Keep them in the indoor cage for at least a week, and until all rabbits are settled and grooming, laying with each other. Scatter feed their food and put a water bottle on each end. Do NOT put any toys/litter trays/bowls in the cage, as they could become territorial over these objects and "guard" them.

During this week of bonding, keep them confined to the indoor cage only. Don't be tempted to give them more room as it is too early and is likely to result in fights.

While bonding, neutralise all the area they are to go into once bonded. 
You can do this with white vinegar, or a weak bleach solution, leaving it to air for a few days after. You MUST neutralise all bowls, toys and bottles as well, as they will pick up scents from those and a squabble may happen.

For the first week back in their enclosure, in a hutch with multiple levels, I would keep them confined to one tier, then after a week, the next, then the next.
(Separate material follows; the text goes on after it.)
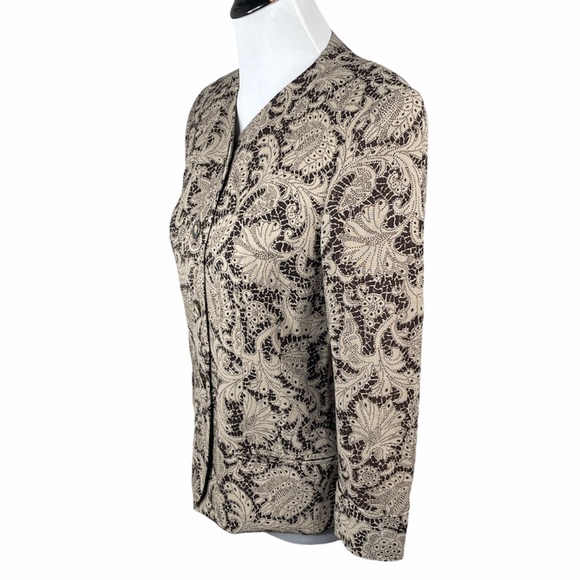 Jones New York Floral Blazer, Brown, Taupe, 4 - Picture 4 of 9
This is going on the "gradually increase their enclosure" rule. If you give them it all at once, they will fight. Do this, going back a step if they squabble (decreasing area) and the bond should be fine.

Don't keep moving them during the bonding, and only car ride if necessary.
I would not do anything such as spraying them with water, putting them on a tumble dryer etc, as this just creates un necessary fear and jolting, while a car ride is a smooth journey, if that makes sense.

Good luck.


ETA: Just realised the date of the original post, so by now, my essay is probably irrelevant!


----------